22. The evidence of Pw2 is to the effect that she had high hopes in the deceased. Having associated my reasoning in line with the multiplier approach, the damages would be by multiplicand and the result reduced by 1/3 because as at the deceased’s death he was not married and the same multiplied by the expected number of years that the deceased would have lived had he not been a victim of wrongful death and multiplied by 12 months.
23. The deceased was aged about 17 years old when he met his death. The life expectancy as per statistics given by the World Bank is 66.7 years. The retirement age in Kenya for all civil servants is 60 years. The multiplicand would be the expected monthly earnings of a skilled worker/ professional and assuming that the deceased finished his degree when aged 24, the ability to secure employment in Kenya would be at about the age of 28 years. (See Formal employment (Kenya’s demographic trends, millions - Source: World Bank & Kenya National Bureau of Statistics).

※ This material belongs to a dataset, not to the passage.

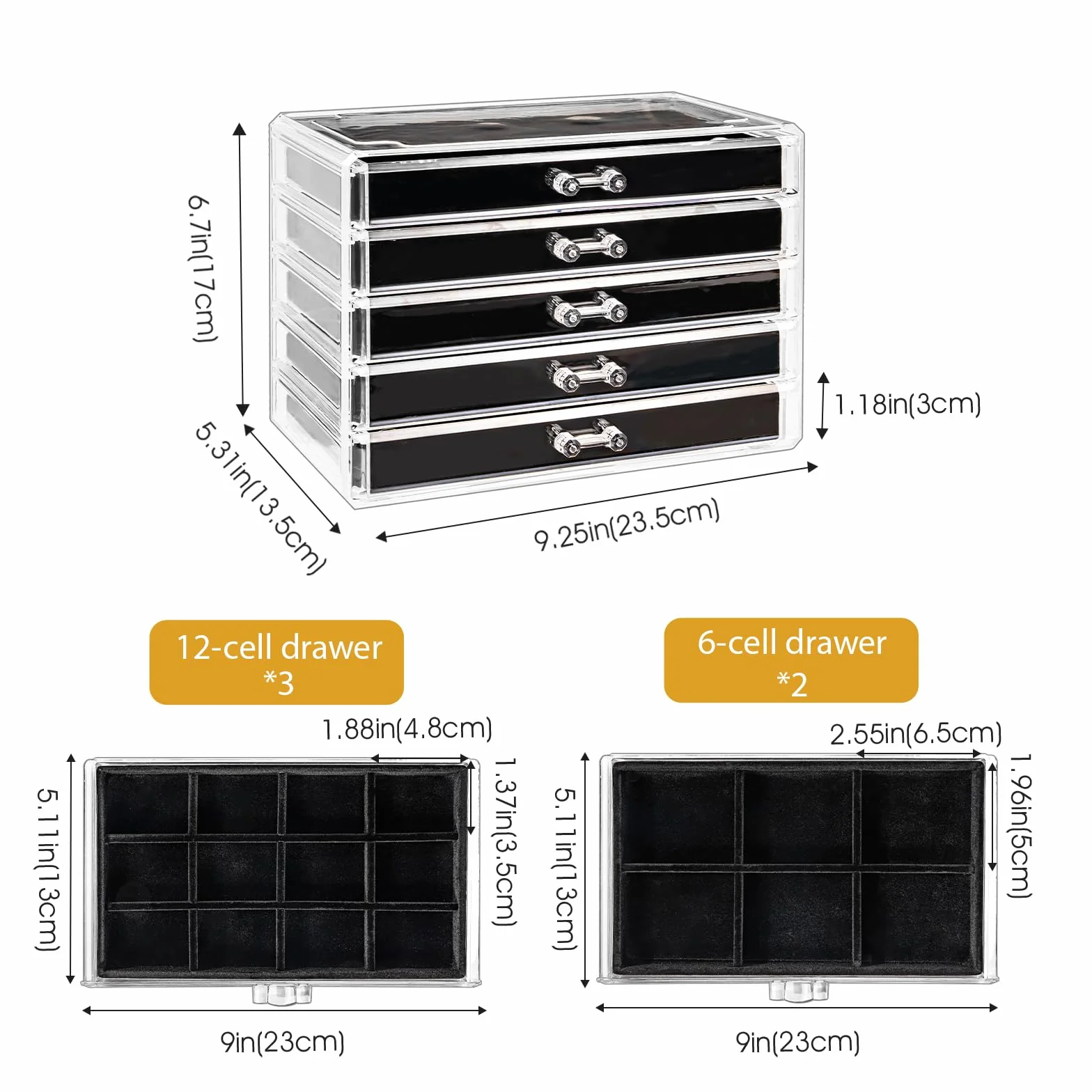 ProCase Organizer na kolczyki z 5 szufladami przezroczysty akrylowy czarny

I shall take the retirement age that would be 60 years meaning that the working life of the deceased would be 27 years on average. In the professional field, the average earnings of the deceased as per the minimum wage in 2013 as per the time of death was Kshs 9,780/- in Nairobi (See THE REGULATION OF WAGES (GENERAL) (AMENDMENT) ORDER, 2013. The calculation for loss of dependency is thus; 27 x1/3 x 9,780/- x 12= Kshs 1,056,240/-.
24. By way of comparison, in Chen Wembo & 2 Others Vs IKK & Another (suing as the legal representatives and administrators of the estate of CRK (deceased) (2017) eKLR a global award of Kshs 600,000/- was made for a deceased aged 12 years meaning in the instant case an award of between Kshs. 900,000/- to Kshs. 1,000,000/- would be commensurate in the instant case as the deceased died at the age of 17 years. Such an age is a borderline to adulthood and it is proper to suppose that he was about to start eking a living for himself.
25. The respondent did not file a cross appeal and that their learned counsel only submitted on the quantum of general damages and did not raise any issue on the liability. As the parties have concentrated only on the general damages under the Fatal Accidents Act I find that the other heads of damages and liability shall remain undisturbed.
26. The upshot is that the appeal succeeds. The lower court’s global award of Kshs 500,000/- as damages for loss on dependency is hereby set aside substituted with an award of Kshs 1,056,240/-. The rest of the amounts awarded remain undisturbed. The appellant is awarded the costs in this appeal and in the lower court.
It is so ordered.
Dated and delivered at Machakos this 8th day of May, 2020.